I think OP has already had enough of that....

It's all relative. I, like many others, can justify working the overtime to buy the things we want and or need to continue riding, I'd ride for a living if I could find a company to sponsor a fat slow guy. But, instead, I drive to the trailhead in my V10 truck, unload my bike, do all the necessary checks, put on my shoes, gloves, camelbak, helmet, and off I go.

For something to have meaning and value to you or your life, you have to give it a reason. If you can't justify it, bail out and don't look back. Life's too damn short to sit around ranting on the interwebz about how you hate everything about this or that. Do it, or not, ultimately you're the only one who can decide, and frankly...the only one who cares what you do.

I'll continue to shell out $$ to the industry because when I ride, I love it. I love spending time with my friends and sons on the trail. I love it when my wife actually says she wants to go riding with me, and I love being able to do trail work, plan race events, work events, and spread the word in general about biking and safety.


----------



## big_slacker (Feb 16, 2004)

Easy solution. Buy a used bike cheap on ebay from someone who is selling it because they can't ride 3 miles on their local cart path without fainting. /troll

Seriously though, not sure what the health problems are but anything having to do with bikes needs to take a backseat to that. Whatever the fix is, major diet/lifestyle change, surgery, meds, etc... Do that, then worry about riding.


----------



## cassa89 (Jun 30, 2014)

Glide the Clyde said:


> I am that snarky in real life. Ask any members here who know me in real life. I don't hide behind a keyboard, an avatar (my pic) or a screen name (okay, that's not my real name). I'm an a$$hole and I'm okay with that.
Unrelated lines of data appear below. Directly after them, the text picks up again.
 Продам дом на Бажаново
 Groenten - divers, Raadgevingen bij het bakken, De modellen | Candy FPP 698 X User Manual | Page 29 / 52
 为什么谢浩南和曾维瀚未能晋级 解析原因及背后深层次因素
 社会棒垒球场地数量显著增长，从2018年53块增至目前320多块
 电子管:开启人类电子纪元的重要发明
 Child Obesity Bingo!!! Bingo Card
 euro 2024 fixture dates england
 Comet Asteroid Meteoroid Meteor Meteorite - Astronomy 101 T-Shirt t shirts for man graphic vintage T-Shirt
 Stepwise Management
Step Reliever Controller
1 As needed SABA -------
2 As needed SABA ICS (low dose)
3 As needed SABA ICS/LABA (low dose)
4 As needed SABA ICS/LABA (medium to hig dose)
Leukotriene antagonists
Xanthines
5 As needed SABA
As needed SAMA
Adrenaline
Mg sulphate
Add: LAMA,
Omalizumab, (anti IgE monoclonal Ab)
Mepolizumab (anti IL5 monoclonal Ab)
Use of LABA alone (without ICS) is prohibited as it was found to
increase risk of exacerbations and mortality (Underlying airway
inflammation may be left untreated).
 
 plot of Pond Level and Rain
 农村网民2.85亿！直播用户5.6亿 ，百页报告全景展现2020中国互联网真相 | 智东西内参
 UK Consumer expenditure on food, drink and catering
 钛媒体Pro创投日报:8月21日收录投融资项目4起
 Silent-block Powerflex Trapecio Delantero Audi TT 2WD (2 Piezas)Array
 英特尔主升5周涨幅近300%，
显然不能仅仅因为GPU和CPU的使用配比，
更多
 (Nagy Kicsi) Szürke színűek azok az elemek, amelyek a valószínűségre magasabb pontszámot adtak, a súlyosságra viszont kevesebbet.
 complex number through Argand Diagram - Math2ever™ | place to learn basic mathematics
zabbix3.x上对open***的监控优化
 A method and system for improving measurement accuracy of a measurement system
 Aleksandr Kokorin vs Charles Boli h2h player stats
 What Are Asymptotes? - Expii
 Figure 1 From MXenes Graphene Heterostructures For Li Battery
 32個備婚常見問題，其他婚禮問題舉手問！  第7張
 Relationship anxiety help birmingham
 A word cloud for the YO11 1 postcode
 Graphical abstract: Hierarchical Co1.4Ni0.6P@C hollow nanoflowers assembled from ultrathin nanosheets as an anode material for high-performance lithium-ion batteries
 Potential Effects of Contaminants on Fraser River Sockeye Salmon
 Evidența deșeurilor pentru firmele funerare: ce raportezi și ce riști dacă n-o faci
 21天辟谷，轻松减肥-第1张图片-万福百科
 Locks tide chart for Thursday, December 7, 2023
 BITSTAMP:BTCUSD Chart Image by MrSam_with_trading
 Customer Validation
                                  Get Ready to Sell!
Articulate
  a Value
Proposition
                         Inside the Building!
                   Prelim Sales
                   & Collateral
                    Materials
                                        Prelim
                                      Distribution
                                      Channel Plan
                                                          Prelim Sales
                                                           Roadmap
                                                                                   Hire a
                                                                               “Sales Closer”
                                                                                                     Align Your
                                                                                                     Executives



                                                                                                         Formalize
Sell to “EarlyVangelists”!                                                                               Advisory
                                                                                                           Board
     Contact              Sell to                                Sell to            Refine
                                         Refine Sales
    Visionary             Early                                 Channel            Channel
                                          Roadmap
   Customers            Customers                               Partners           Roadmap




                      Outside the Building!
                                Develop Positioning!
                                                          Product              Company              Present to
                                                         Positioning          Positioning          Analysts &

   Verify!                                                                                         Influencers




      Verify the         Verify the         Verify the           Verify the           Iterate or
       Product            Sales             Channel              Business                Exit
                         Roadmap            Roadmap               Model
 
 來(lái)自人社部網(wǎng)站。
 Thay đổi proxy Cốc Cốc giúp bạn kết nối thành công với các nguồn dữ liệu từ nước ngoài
As long as you're ok with that, i guess...


----------



## MOJO K (Jan 26, 2007)

" When you have 5 year old kids clogging up the trail on spiderman bikes you know someone..." is " being happy, free, and having fun for no cost.":thumbsup:

I do what I want, and I blame no one but myself. What do you do, musikron?


----------



## MOJO K (Jan 26, 2007)

musikron said:


> So I think I'm gonna sell my bike and not replace it.
> 
> I just have no energy for this anymore, every time I ride I get wiped out, headaches, nausea, bonking, even on a 3 mile. I do have some health issues, and I realize it, but when you suffer as much as I do just to ride some boring ass sanitized trail, well, that just sucks.
> 
> ...


wasn't really paying attention...you have a bike for sale?


----------



## 245044 (Jun 8, 2004)

Sell your bike and go play some music...Cycling isn't for everyone.


----------



## rockhopper97 (Jul 30, 2014)

sorry to hear about your health issues...... I have been battling some myself.....mine almost killed me literally.......for the last 2 1/2 years I have had battles with epilepsy, sleep apnea and scoliosis.....I was off my bike for awhile.......dont stop riding, go for shorter rides....soon as I was well enough to ride.....I started out small, like around the block,then twice around the block.....now I do 5 mile rides whenever I can on the street.....I dont have a $2k bike or even $1k..... I have never had a bike that cost more than $500, my current bike I found at a garage sale for $5 and put it together with what I had handy.....I stripped a genesis V2100 for the parts I needed as I dont work right now......people might freak out because I built my bike with some walmart grade parts, but at my age I dont care what people think.....I will just say unless you are willing to foot the bill for a better bike or parts, shut your pie hole.....I have fun on my frankenstieined rockhopper....... I dont know how this sport became so snobbish....if someone can spend $5k on a bike, good for them.....but to tell me I need a $2k bike just to go on trails.... whatever


----------



## H0WL (Jan 17, 2007)

rockhopper97 said:


> sorry to hear about your health issues...... I have been battling some myself.....mine almost killed me literally.......for the last 2 1/2 years I have had battles with epilepsy, sleep apnea and scoliosis.....I was off my bike for awhile.......dont stop riding, go for shorter rides....soon as I was well enough to ride.....I started out small, like around the block,then twice around the block.....now I do 5 mile rides whenever I can on the street.....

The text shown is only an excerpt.